<<<<

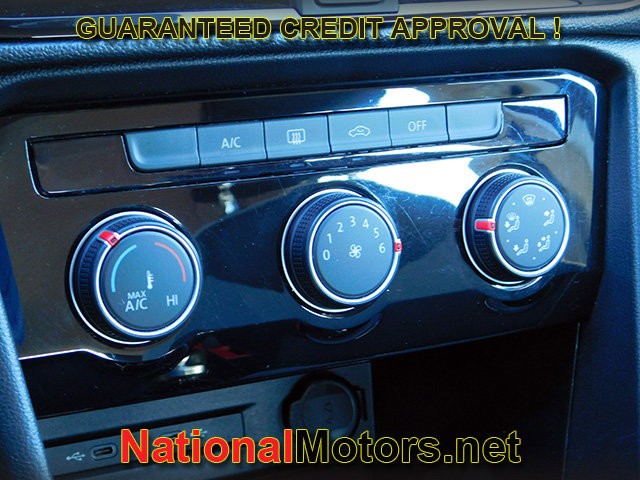 Volkswagen Taos Vehicle Full-screen Gallery Image 16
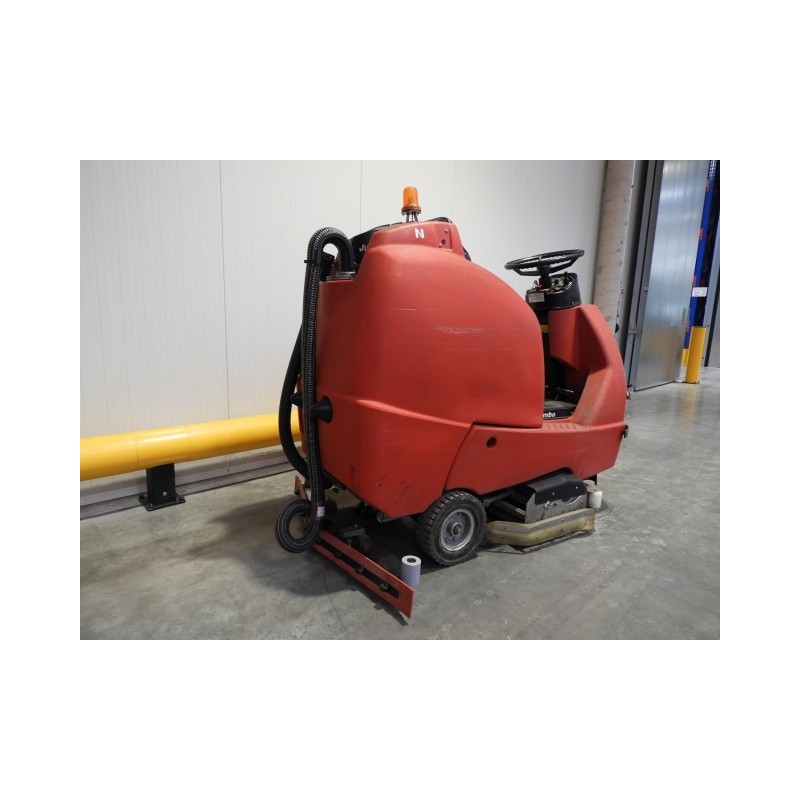 NEUWERTH Logistics SA - Rcm - JUMBO 962 - Autolaveuse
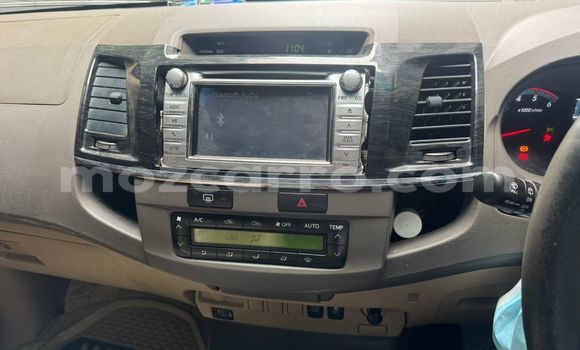 Buy Used Toyota Land Cruiser Prado White Car in Maputo in Maputo Buy Used Toyota Land Cruiser Prado White Car in Maputo in Maputo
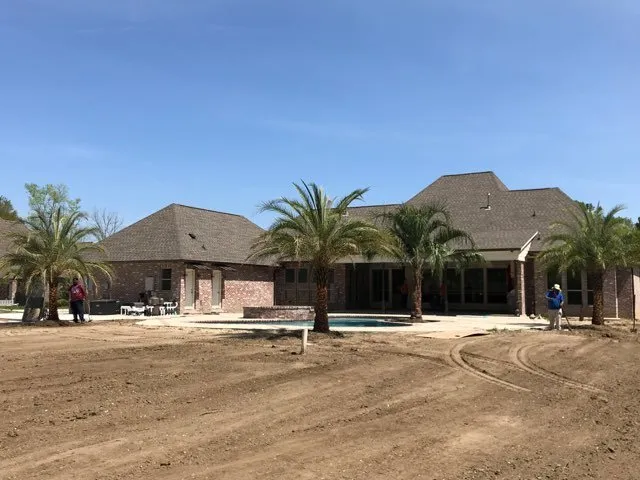 Expert garden landscaping experts serving Baton Rouge, LA - Nature's Own Nursery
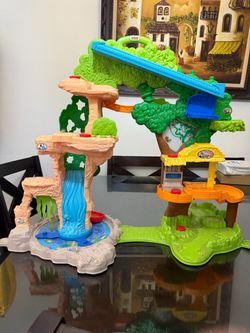 Little people jungle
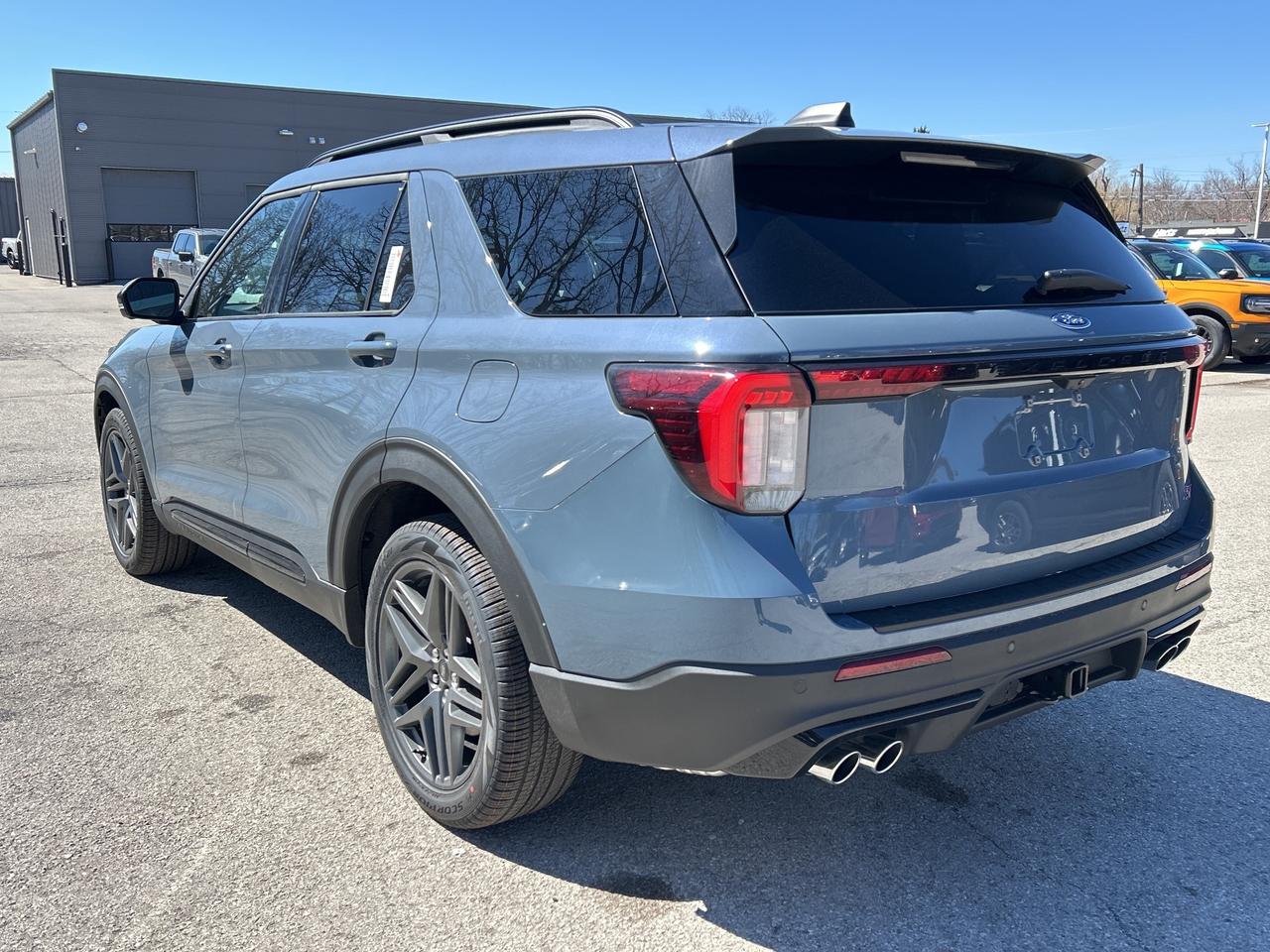 2026 Ford Explorer ST 4WD 400A Photo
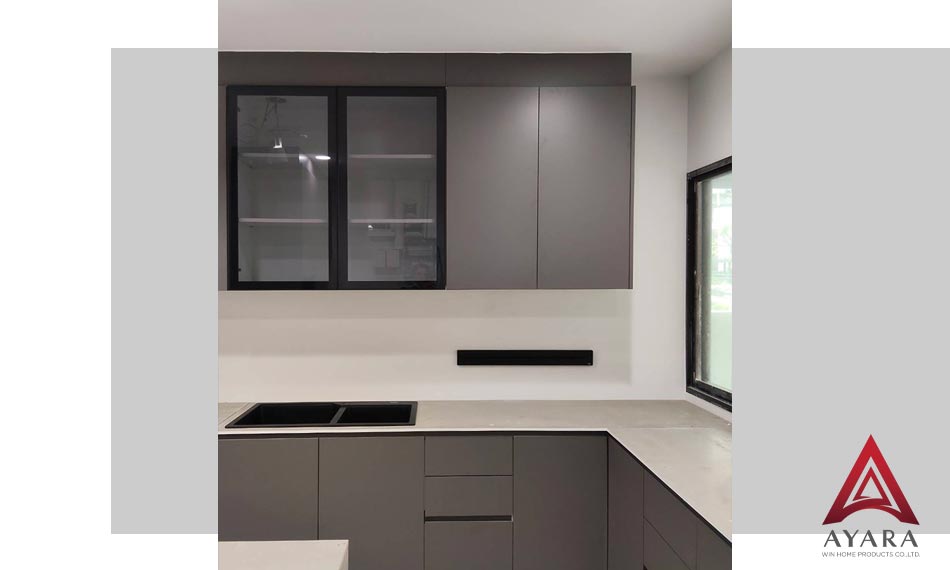 ชุดครัว Built-in โครงซีเมนต์บอร์ด หน้าบานพ่นสีเทาด้าน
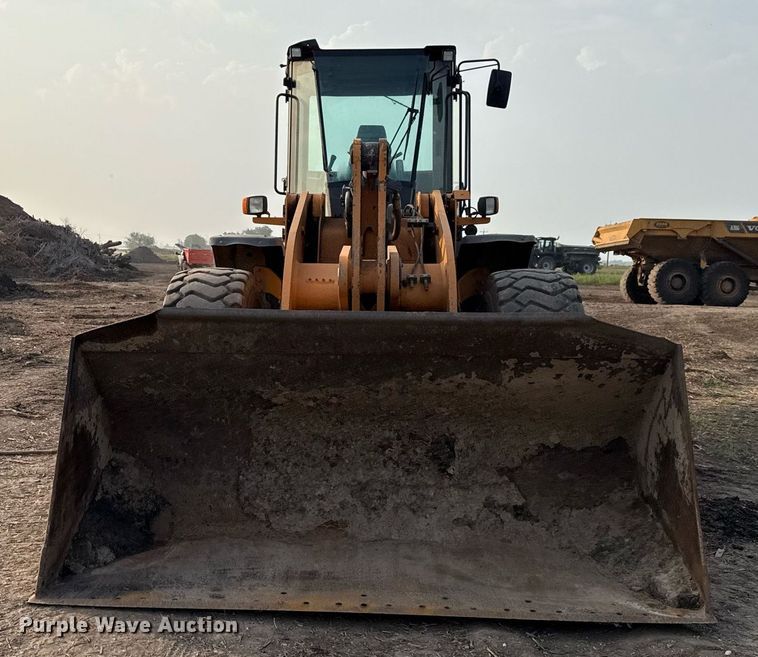 image for item ED5640 2016 Case 821F wheel loader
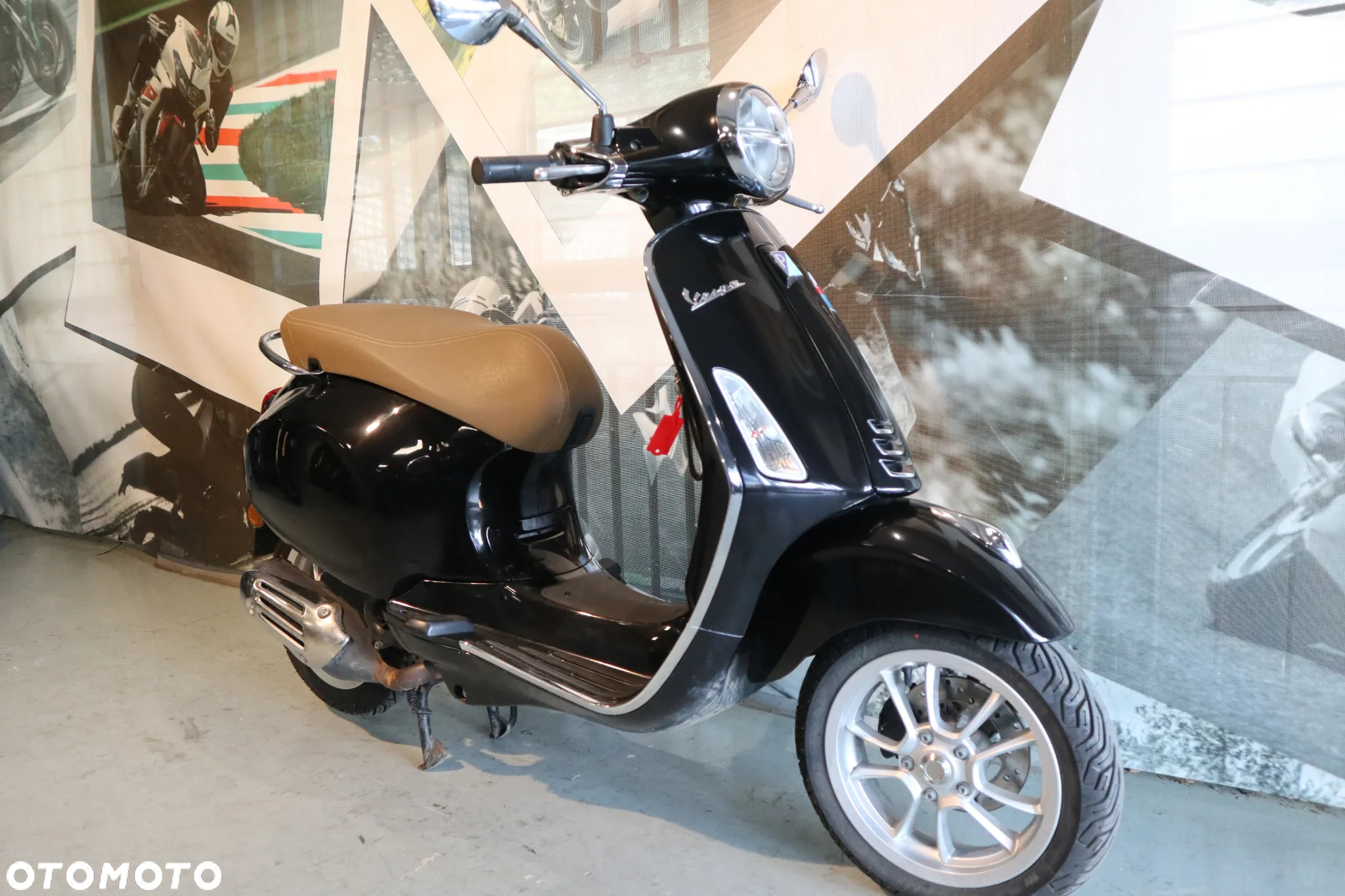 Piaggio Vespa - 10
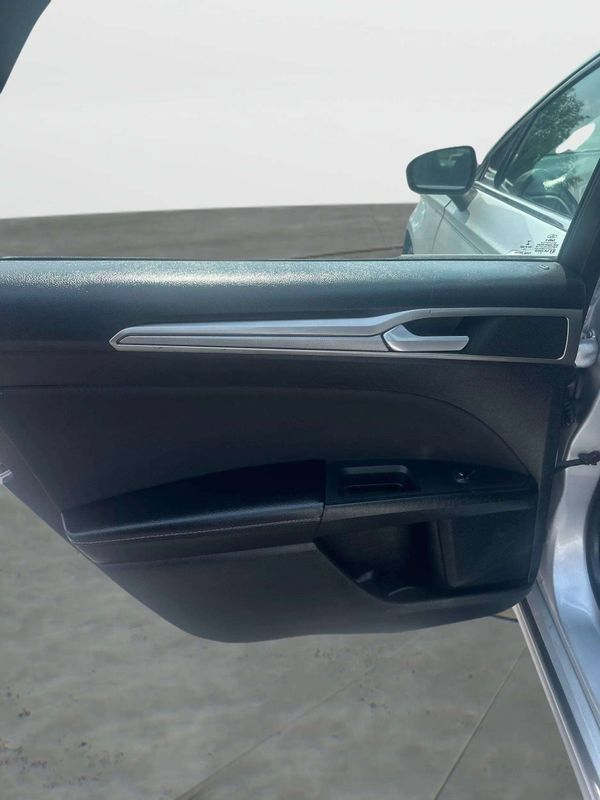 Used 2019 Ford Fusion SE FWD image 16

>>>>

YOUR ASSIGNMENT: Copy each entry above exactly; drop the pictures.

WRITTEN REPLY:
 Volkswagen Taos Vehicle Full-screen Gallery Image 16
 NEUWERTH Logistics SA - Rcm - JUMBO 962 - Autolaveuse
 Buy Used Toyota Land Cruiser Prado White Car in Maputo in Maputo Buy Used Toyota Land Cruiser Prado White Car in Maputo in Maputo
 Expert garden landscaping experts serving Baton Rouge, LA - Nature's Own Nursery
 Little people jungle
 2026 Ford Explorer ST 4WD 400A Photo
 ชุดครัว Built-in โครงซีเมนต์บอร์ด หน้าบานพ่นสีเทาด้าน
 image for item ED5640 2016 Case 821F wheel loader
 Piaggio Vespa - 10
 Used 2019 Ford Fusion SE FWD image 16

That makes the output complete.